NEED TO KNOW: The Broncos' .657 winning percentage (23-12) in September over the past 10 years is third in the NFL. ... Walker caught 95 passes for 1,371 yards and eight touchdowns for the Broncos the past two seasons.
--DE Elvis Dumervil has practiced all week and will likely play, but he has been hesitant to proclaim himself ready to go. He has a broken pinkie and has been concerned about how playing with a cast might affect him.
--LB Boss Bailey said he would be ready to play in Week 1 after his ankle responded well after a full practice on Wednesday. However, Bailey might not go back to a full workload after missing all but two plays in the preseason.
--LB Jamie Winborn could play some at strong-side linebacker if Boss Bailey is limited. Winborn ended last season as a starter and has been a solid special-teams player.
--S Marquand Manuel doesn't know what his role will be against Oakland. He has a broken thumb, which could limit him, but he has said he will play.
--FB Cecil Sapp was cut by the team with an injury settlement. Sapp, who had been with the team since 2003, hurt himself in the preseason finale. Tight end Brett Pierce was also officially let go with an injury settlement.
--WR Javon Walker did not practice with a hamstring injury. Coach Lane Kiffin hopes Walker will practice Friday. Ashley Lelie, Todd Walker and Chaz Schilens took snaps at split end.
--DE Kalimba Edwards did not practice with a groin injury. If Edwards does not play, Jay Richardson could stay in the game at right end rather than come out for a nickel rusher, or rookie Trevor Scott could be activated to be the nickel rusher.
--CB Nnamdi Asomugha gets his first chance to play right corner opposite DeAngelo Hall. Asomugha estimated he was the target of 30 pass attempts last year and hopes that number will double this season.
--RB Michael Bush has had some snaps in the same backfield as Justin Fargas and Darren McFadden, but not as a lead blocking fullback. Lane Kiffin stressed Bush is a tailback who will rush and receive.
--RB Justin Fargas gained 146 yards on a career-high 33 carries against Denver in the Raiders' 34-20 win last season in Oakland.
INSIDE THE CAMPS:
Tight end Tony Scheffler is still uncertain what his role will be this week against Oakland, or after that.
Scheffler worked behind Nate Jackson at the No. 2 tight end spot all preseason, but the Broncos' Week 1 depth chart had Scheffler ahead of Jackson.
Scheffler said he hadn't seen the depth chart, but didn't know how much he would play against the Raiders.
"It's going to be one of those things, it's a long season and we're both going to contribute hopefully," Scheffler said. "Just got to get out there and do what the coaches tell you to do."
Without Brandon Marshall, who is suspended for one game, the tight end spot will be big for the Broncos offense. Daniel Graham's role is mostly as a blocker, but Denver uses its second tight end to create mismatches.

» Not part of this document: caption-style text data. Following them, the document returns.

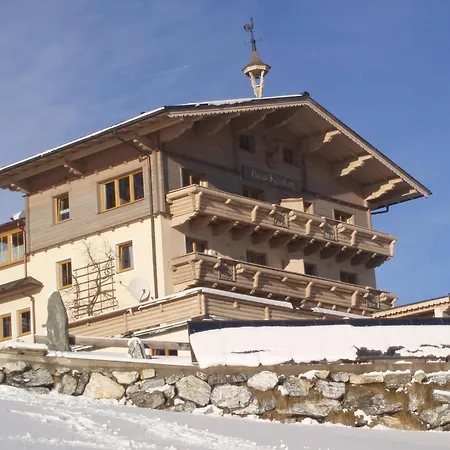 דירה Koessler, Appartementhaus באד הופגסטין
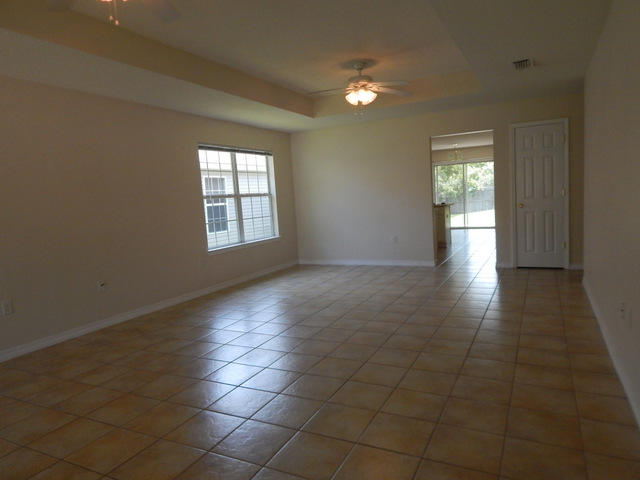 TOWN OF VILLA TASO - Residential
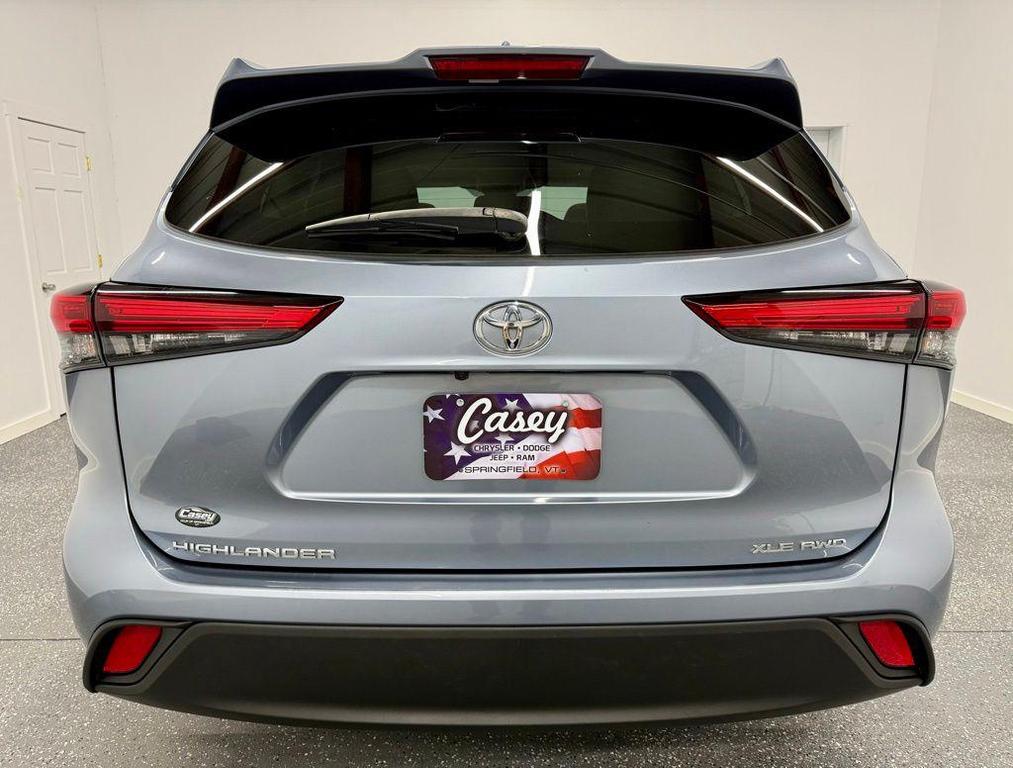 used 2022 Toyota Highlander car, priced at $23,974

Jackson and Scheffler could each end up playing a role. Broncos coach Mike Shanahan wouldn't say much about the pecking order, other than he thought it was a benefit to have three capable tight ends.

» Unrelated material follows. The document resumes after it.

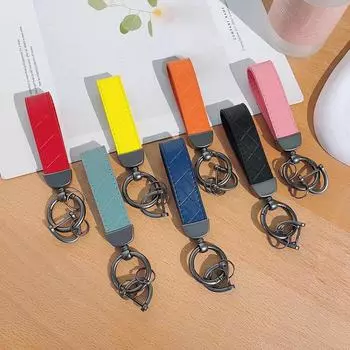 Персонализируемый кожаный брелок для ключей с пряжкой в форме подковы для пар, дизайн с защитой от потери, стильная металлическая подвеска для автомобиля. красный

It's time to see whether the Raiders can avoid being the victims of the great land rush of 2007.
When they play host to the Denver Broncos before a national television audience on Monday Night Football, Oakland is well aware opponents will be watching to see if its weakness defending the run has been rectified.
The numbers were damning. Oakland ranked 31st in rushing defense, gave up 4.8 yards per carry, the most in the league, and surrendered 24 rushing touchdowns, the most in the NFL since 2000.
Ten opposing runners went over 100 yards against Oakland, and here come the Broncos, who have built a 20-6 record over the Raiders during Mike Shanahan's tenure in large part because of their ability to run the ball.
That the Broncos duo of Selvin Young and Andre Hall is unheralded hardly matters. The Raiders were victimized last season by both journeyman and stars, from LaDainian Tomlinson of San Diego to Kolby Smith of the Chiefs.
Defensive coordinator Rob Ryan has heard all the talk, and he is tired of it. He deflects part of the problem on his own team's inability to score touchdowns, but realizes the Raiders are ultimately responsible for the yardage they surrender.
"Stats, you can do anything you want with them," Ryan said. "If you get leads, obviously, you're going to face more passing. We haven't had that luxury around here lately.
"We're making a big emphasis on stopping everything, run and pass. We've got players we're making responsible for their gaps. We've got good tacklers in the secondary, that's going to help. Our linebackers are coming on."
Defensive tackle Gerard Warren declined to put the blame on an offense that didn't score enough points.
"I fault ourselves a lot," Warren said. "Sometimes we were out of position. Sometimes we were in bad position to make the tackles. Some of the things we corrected this training camp. Form it up, make the sure tackle, be in the right places, don't ignore your assignments."
It is hoped a few personnel changes will help. Physical safety Gibril Wilson was signed during free agency to play strong safety, allowing the slender Michael Huff to move out of the box and roam the secondary as a free safety.
Ricky Brown was installed at strong-side linebacker, primarily because he is good at holding the edge.
Finally, Warren Sapp retired and Tommy Kelly was moved inside and paid $18.125 million in guaranteed money to be the "three-technique" tackle.